Part Six — The Throne and the Teaching
Shanti Parva — The Book of Peace
The Teachings from the Bed of Arrows
Bhishma lay on the bed of arrows where the war had left him, still alive because he had chosen not yet to die, waiting for the sun to enter its northern course. The Pandavas and Krishna came to him there, and the dying grandsire spent what was left of him teaching the new king how to carry the thing he had won. The Shanti Parva’s second half is the longest sustained instruction in the epic — a war’s whole moral exhaustion turned, deliberately, into a curriculum.
It is, in form, a king teaching a king from the edge of death, and the epic chose that frame with care.
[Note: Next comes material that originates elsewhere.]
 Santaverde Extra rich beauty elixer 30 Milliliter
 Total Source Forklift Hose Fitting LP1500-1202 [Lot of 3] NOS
The man who had upheld a throne so rigidly that his vow helped destroy a dynasty now tells the man inheriting that throne what he had failed to make Duryodhana hear. The teaching moves through the duties of a ruler — raja-dharma: that the king exists for the protection of the people and not the reverse; that the rod of punishment, danda, is necessary and is also the most dangerous thing a king holds, just when wielded without appetite and ruinous when wielded with it; that the treasury serves the realm and not the throne; that mercy and firmness are not opposites but the two hands of the same craft; that a king who is loved and a king who is feared both fail if either is all he is.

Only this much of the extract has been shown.